**Supplied information:**
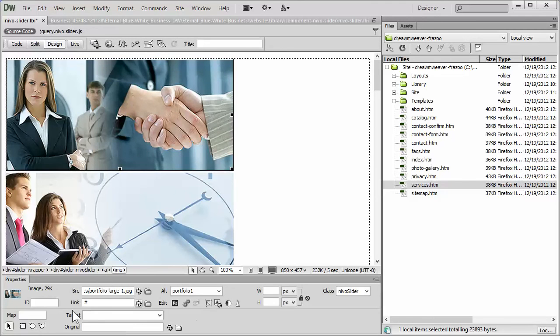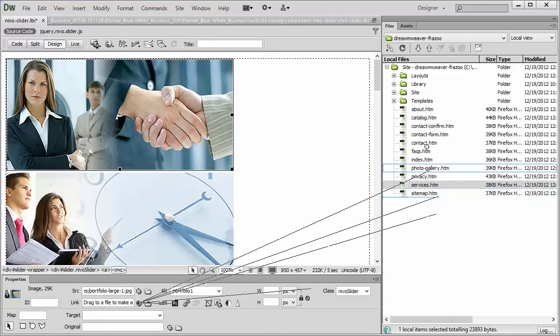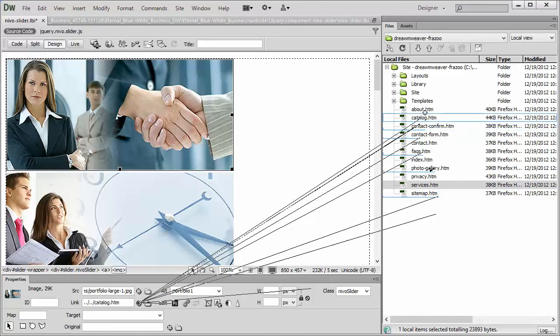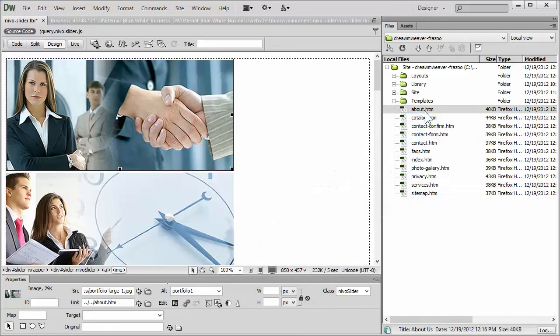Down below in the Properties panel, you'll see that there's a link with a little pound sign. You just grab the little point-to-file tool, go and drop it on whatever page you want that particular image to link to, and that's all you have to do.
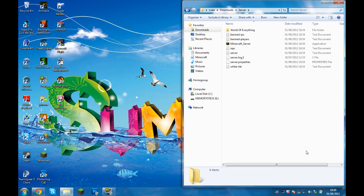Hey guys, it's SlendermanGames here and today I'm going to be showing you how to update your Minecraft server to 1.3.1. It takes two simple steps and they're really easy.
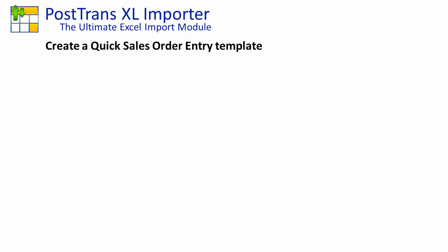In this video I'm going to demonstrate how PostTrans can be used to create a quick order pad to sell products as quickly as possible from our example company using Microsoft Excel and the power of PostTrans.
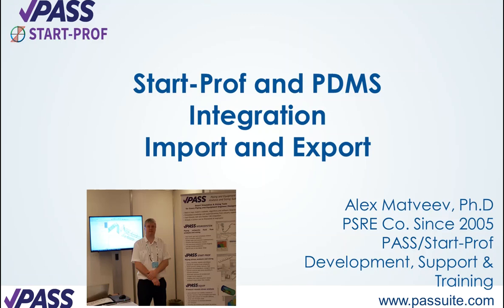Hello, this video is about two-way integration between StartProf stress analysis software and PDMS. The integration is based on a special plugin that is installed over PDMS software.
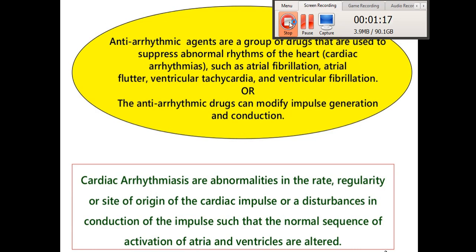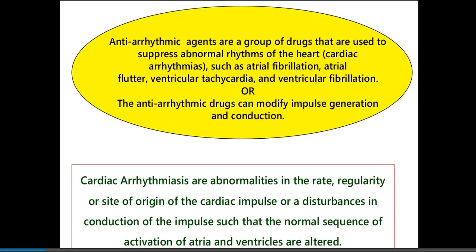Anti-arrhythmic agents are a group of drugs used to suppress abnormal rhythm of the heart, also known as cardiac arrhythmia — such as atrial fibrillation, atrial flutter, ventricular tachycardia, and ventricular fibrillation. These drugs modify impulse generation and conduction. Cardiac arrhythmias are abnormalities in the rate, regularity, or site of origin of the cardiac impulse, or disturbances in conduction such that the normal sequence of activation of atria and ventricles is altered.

**Task requirements:**
Above are records; write out the lines from the one with "In this video" down to the one with "Hello, this video", exactly, leaving the pictures out.

**Final answer:**
In this video I'm going to demonstrate how PostTrans can be used to create a quick order pad to sell products as quickly as possible from our example company using Microsoft Excel and the power of PostTrans.
Hello, this video is about two-way integration between StartProf stress analysis software and PDMS. The integration is based on a special plugin that is installed over PDMS software.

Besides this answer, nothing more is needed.